I often receive questions and concerns about these and other water-related issues. Residents in our region know the importance of our water. Over the years as your MLA, I have worked with various constituents and regional organizations such as Living lakes on grassroots efforts to protect our most precious resource. All life depends on healthy water sources, and there is no cause more worthy of stewardship for our future.
It is an honour to be the Shadow Minister for the Columbia River Treaty (CRT), as we move to modernize the treaty which Canada and the U.S. signed in 1961 and ratified in 1964. A lot has changed since then, and so should our approach to transboundary water management.
Although the CRT has no specified end date, either Canada or the U.S. can unilaterally terminate most of the agreement’s provisions after 2024, with at least 10 years notice.
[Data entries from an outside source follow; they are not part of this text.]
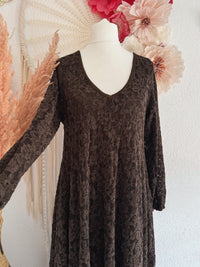 ROMANTISCHES SPITZENKLEID IN A-LINIE MIT V-AUSSCHNITT IN BRAUN - ONE SIZE -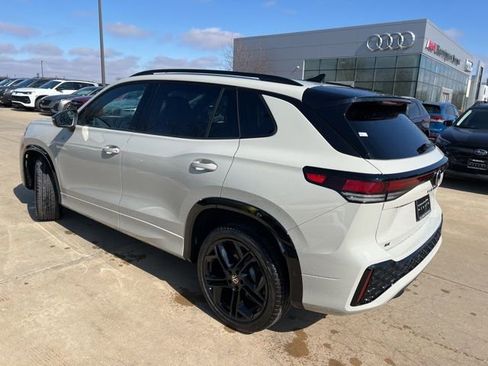 New 2026 Volkswagen Tiguan SE R-Line AWD/4WD image 4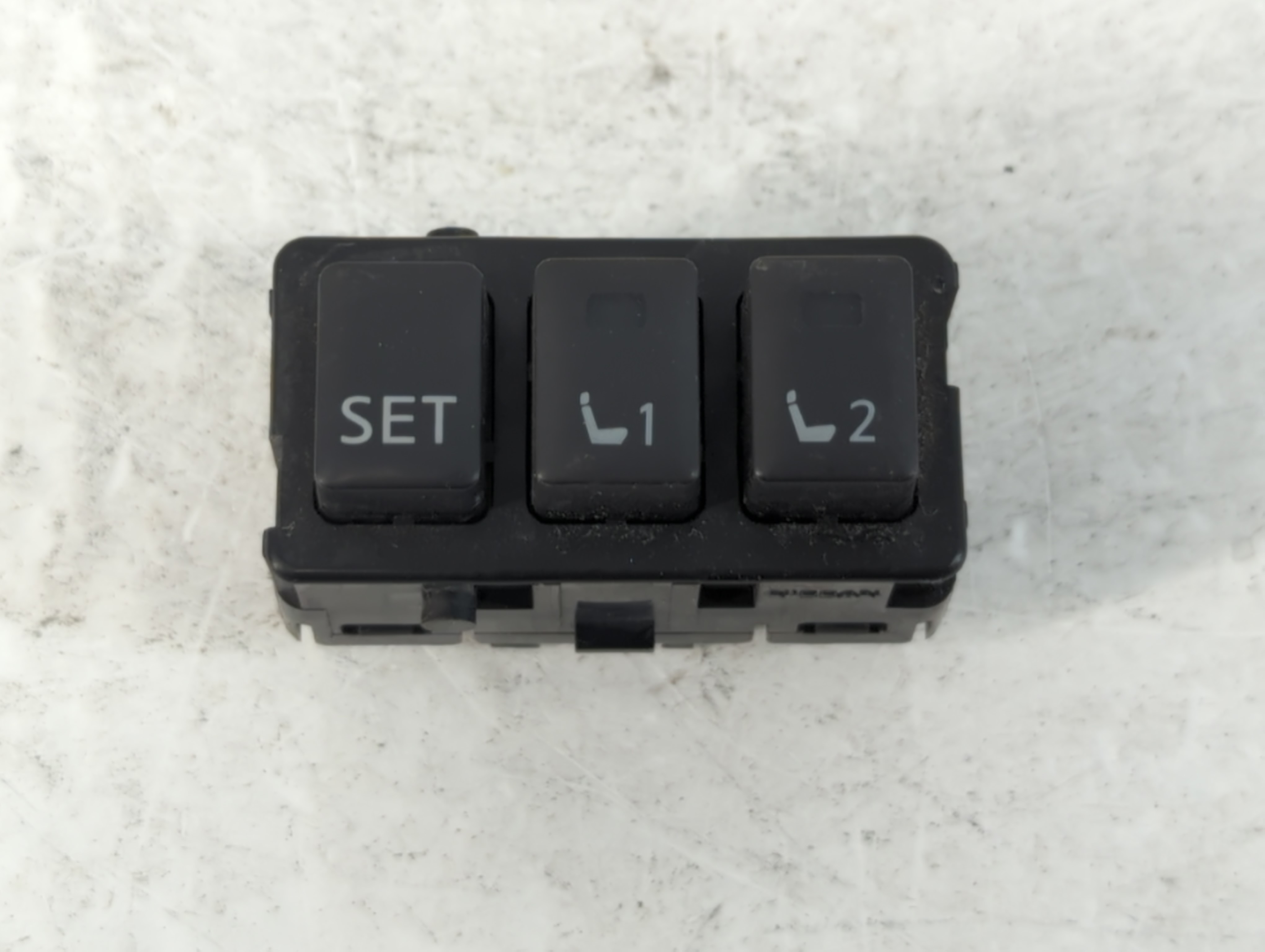 2014-2019 Infiniti Qx80 Driver Left Door Master Power Window Switch 1050047 - Oemusedautoparts1.com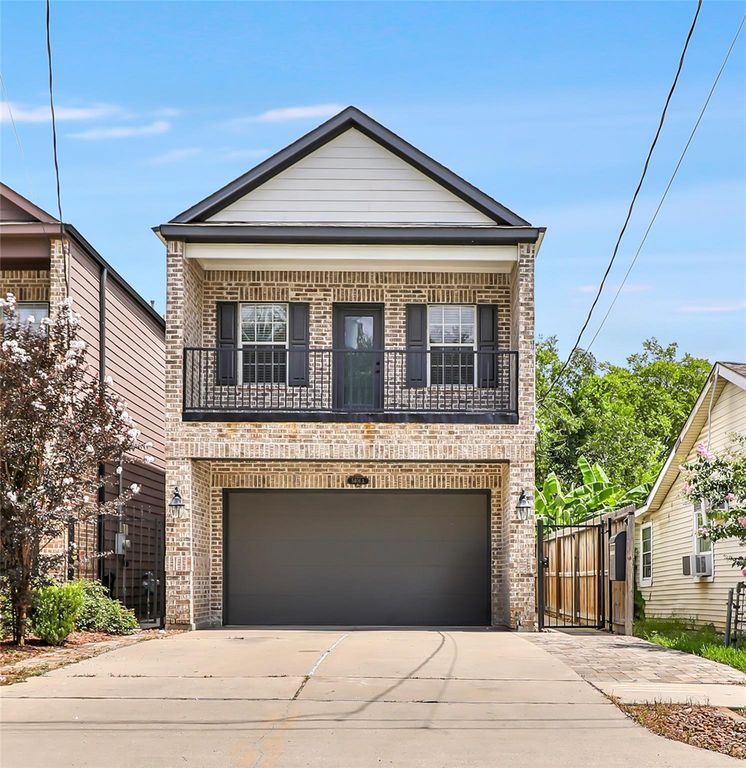 5406 Darling Street A, Houston, TX 77007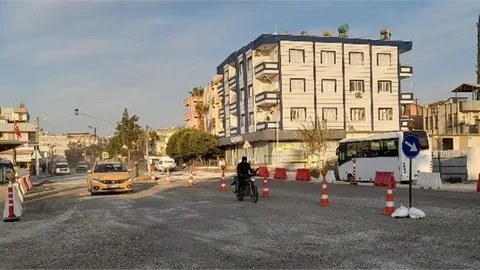 Tarsus’ta 100. Yıl Hemzemin Geçidi Yeniden Trafiğe Açıldı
No such notice has been given, but today’s work is preparing us for future changes when the time comes.
The principles of the CRT are straight forward- Both the U.S. and Canada can benefit by working together to coordinate the water flow for flood control and power generation, by capturing spring run-off and releasing water at other times of the year when it is more valuable.
Canada agreed to build three dams in British Columbia - the Duncan near Kaslo, Hugh L. Keenleyside at Castlegar and the Mica dams. The U.S. built a fourth dam, the Libby Dam, that was allowed to flood into Canada. The Libby Dam, in 1972, turned the Kootenay River into Lake Koocanusa – a combination of the words “Kootenay”, “Canada” and “USA”. Canada benefits from flood control from the U.S. and receives an equal share of the incremental U.S. downstream power benefits.
Over the past 10 years, the Treaty has returned an average of $140 million per year to B.C. through the sale of Canada’s share of the downstream power benefits (referred to as the Canadian Entitlement). The Entitlement is in the form of power delivered to the Canada-U.S. border, which is marketed on B.C.’s behalf by BC Hydro’s marketing subsidiary Powerex. The value of the Canadian Entitlement in fiscal 2021/22 was $231 million. In 2022/23, those revenues were $437 million.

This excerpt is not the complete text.